Capillary Samples and Hemolysis: Further Considerations

We are responding to the thoughtful letter by Cembrowski and Füzéry, “Deep Lancing or Over Manipulation,” in this issue of the Journal of Diabetes Science and Technology, ¹ which was written in response to our initial letter, “How Much Hemolysis Is Acceptable When Undertaking Deep Lancing for Finger Stick Derived Capillary Plasma Glucose Measurement?” ²

The purpose of our initial correspondence was to encourage open sharing of data and insights on the mechanisms and effects of hemolysis, in relation to capillary sample acquisition for plasma glucose measurement. ² We are therefore pleased that Cembrowski and Füzéry provided new data and also progressed this discussion. ¹ Hemolysis appears to be common when collecting capillary “finger stick” samples: We reported hemolysis indices from 42 participants obtained during a previous study. ³ Standardized procedures for capillary sample collection were used throughout this study. ⁴ Hemolysis (in the categories “slight,” “moderate,” or “severe”) occurred in over half of the 0.6 mL samples obtained from deep lancing. ² Aggregating the results quoted in Cembrowski and Füzéry’s correspondence describing visible hemolysis in shallow lanced samples from a previously unpublished study, 20 out of 141 “shallow” samples showed visible hemolysis after spinning. ¹

Why was the focus of our original correspondence on deep lancing? This was because its context related to the recent paper by Klonoff et al, describing a blood glucose monitor system surveillance protocol. ⁵ Their protocol suggests use of deep lancing techniques to obtain capillary samples for plasma glucose measurement on comparative glucose instruments. ⁵ Our initial correspondence commented on the paucity of published information on hemolysis, specifically within this context. We are nevertheless pleased that Cembrowski and Füzéry expanded the discussion to include shallow lancing and also the potential for non-equivalence of samples obtained using “shallow” and “deep” lancing techniques.

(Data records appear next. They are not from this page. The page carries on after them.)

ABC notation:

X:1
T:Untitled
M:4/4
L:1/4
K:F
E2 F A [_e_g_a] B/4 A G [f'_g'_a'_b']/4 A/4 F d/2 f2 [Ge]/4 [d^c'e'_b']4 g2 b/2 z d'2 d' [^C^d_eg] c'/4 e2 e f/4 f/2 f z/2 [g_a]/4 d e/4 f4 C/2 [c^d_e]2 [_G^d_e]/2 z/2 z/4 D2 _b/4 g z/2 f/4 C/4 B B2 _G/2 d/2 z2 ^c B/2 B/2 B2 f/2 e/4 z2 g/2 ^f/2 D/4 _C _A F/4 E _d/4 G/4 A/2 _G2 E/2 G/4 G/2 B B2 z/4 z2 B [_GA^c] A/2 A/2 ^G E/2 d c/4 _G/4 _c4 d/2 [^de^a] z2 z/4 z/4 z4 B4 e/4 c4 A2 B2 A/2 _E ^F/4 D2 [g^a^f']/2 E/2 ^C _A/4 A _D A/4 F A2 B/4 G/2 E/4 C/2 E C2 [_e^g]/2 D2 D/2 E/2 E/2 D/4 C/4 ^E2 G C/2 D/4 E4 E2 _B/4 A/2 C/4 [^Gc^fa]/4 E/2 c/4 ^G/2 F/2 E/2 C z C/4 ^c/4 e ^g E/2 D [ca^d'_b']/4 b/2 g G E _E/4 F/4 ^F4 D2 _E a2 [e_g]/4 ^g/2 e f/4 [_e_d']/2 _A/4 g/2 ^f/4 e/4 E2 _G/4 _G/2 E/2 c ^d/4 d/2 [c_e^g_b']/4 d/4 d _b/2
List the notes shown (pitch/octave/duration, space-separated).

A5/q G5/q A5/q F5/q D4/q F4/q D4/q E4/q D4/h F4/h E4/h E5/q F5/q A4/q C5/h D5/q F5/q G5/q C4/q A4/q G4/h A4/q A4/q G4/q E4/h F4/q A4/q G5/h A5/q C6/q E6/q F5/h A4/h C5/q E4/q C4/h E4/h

Cembrowski and Füzéry provide multiple additional observations on potential sources of preanalytical and analytical error in the context of capillary glucose measurements. ¹ These include (but are not limited to) equivalence of different reporting methods for hemolysis and the different mechanisms whereby hemolysis might interfere with glucose measurement, whether in the laboratory or when using glucose meters. They also discuss the impact of “over manipulation,” both of sampling sites and also of specimens, during specimen preparation. We would be keen for the discussion around optimal acquisition techniques for finger stick samples, to be expanded further. For example, routine warming (“arterializing”) of the hand appears to improve blood flow during sample collection, ⁶ perhaps minimizing hemolysis. Could “arterialization” of samples cause unintended consequences? For example, arterialization might change the proportion of glucose-rich arterial blood compared to glucose-depleted blood from venules, within the collected sample.

We concur with Cembrowski and Füzéry’s suggestion that identification of potential sources of pre-analytical and analytical error within the context of measuring capillary plasma glucose, allows better exploration of ways to minimize and mitigate these errors.